O empresário Breno Chaves Pinto, suplente do presidente do Senado, Davi Alcolumbre, foi alvo da Operação Route 156, deflagrada pela Polícia Federal e pela Controladoria-Geral da União (CGU) nesta terça-feira, 22 de outubro de 2023. A operação investiga fraudes em licitações do Departamento Nacional de Infraestrutura de Transportes (DNIT) no Amapá, com contratos suspeitos que somam R$ 60 milhões.

As investigações começaram após denúncias sobre irregularidades em quatro licitações do DNIT. A apuração revelou indícios de conluio, lavagem de dinheiro e organização criminosa. A Justiça autorizou o cumprimento de 11 mandados de busca e apreensão em quatro estados: Amapá, Minas Gerais, Mato Grosso do Sul e Amazonas. Durante as diligências, foram apreendidos três veículos de luxo, joias, relógios e 13 obras de arte.

O bloqueio de bens dos investigados totaliza R$ 8 milhões, correspondente a saques e movimentações financeiras consideradas atípicas. Além de Breno, o ex-superintendente do DNIT no Amapá, Marcello Vieira Linhares, também foi afastado por decisão judicial. Conversas interceptadas entre Breno e Linhares indicam que o empresário utilizava sua relação com Alcolumbre para obter vantagens em repasses de verbas públicas.

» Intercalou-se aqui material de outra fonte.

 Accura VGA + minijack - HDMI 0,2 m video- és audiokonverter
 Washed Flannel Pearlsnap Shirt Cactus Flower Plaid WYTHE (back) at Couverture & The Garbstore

A operação busca aprofundar as apurações sobre o direcionamento de concorrências públicas e desvios de recursos na manutenção da rodovia BR-156. As investigações apontam que, entre 2024 e 2025, as empresas envolvidas receberam pelo menos R$ 32 milhões da União, com uma delas completando apenas 16% das obras previstas, levantando suspeitas de desvio de recursos. A PF e o Ministério Público Federal afirmam que não há indícios de participação direta de Alcolumbre nas fraudes.